In many areas of the city, people were unable to access their homes or even bury their dead. The fighting had also cut off aid deliveries.

“What little assistance that used to come in is no longer there, so they [civilians] are on their own,” Sha’ur added.

“It is a tragedy but no one seems to care. Imagine people with small children unable to go out and buy food or milk.” Ali Sheikh Yassin, deputy chairman of the Mogadishu-based Elman Human Rights Organisation (EHRO), told IRIN the fighting between government troops and insurgent which began on March 9, “had been the most intense since May 2009”.

Sources estimate that more than 100 people had died before calm returned to the city.

Barely coping

“I would say this was the worst (fighting),” Yassin said.

Some residents, he added, had ventured out of their homes on 15th March to assess the damage and bury their dead.

“There is a feeling among the population that this is not the end and worse is yet to come,” he said.

Both sides, he explained, were mobilising, with tanks belonging to the African Union (AU) peacekeeping mission (AMISOM) dotting the city.

A medical source said the hospitals had been inundated. “We are barely coping,” she told IRIN.

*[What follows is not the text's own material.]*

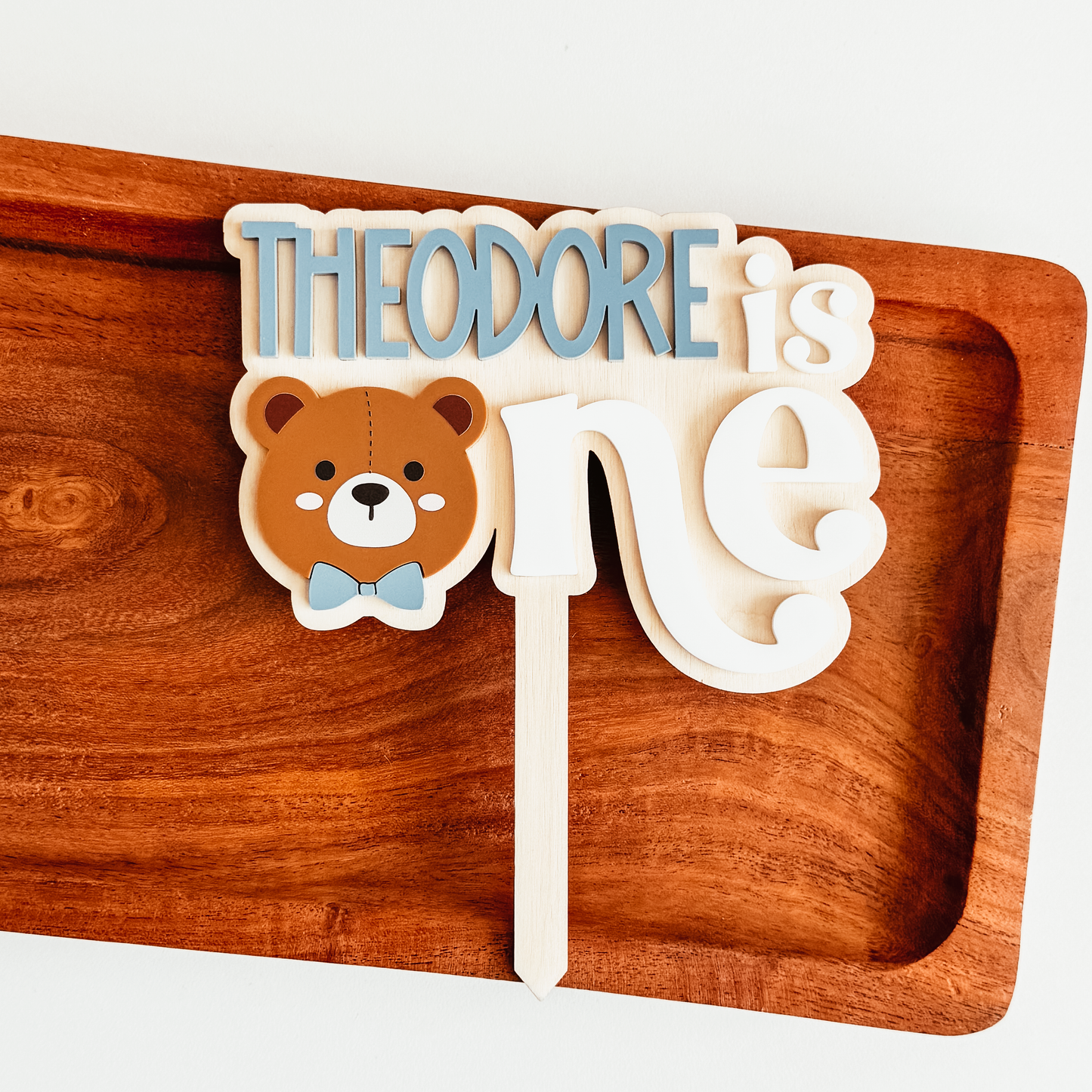 Custom One Teddy Bear Cake Topper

“When you think there are no more, more are brought in.”

The fighting, between AMISOM-backed government forces and the Islamist group Al-Shabab, broke out when Al-Shabab fighters attacked government positions in north Mogadishu, a local journalist told IRIN.

“By Friday (12th March), the fighting had spread to most parts of north Mogadishu. The Yaqshid, Karan, Abdiasis and Wardhigley districts were the hardest hit,” he added. By 15th March, hundreds of families were on the move, “taking advantage of the break in the shelling”.

According to the journalist, many were joining those in the Afgoye corridor — already home to hundreds of thousands of internally displaced people — while others were heading to Balad, 30km north of Mogadishu.

While the death toll was more than 100, another 245 people were injured, the medical source said.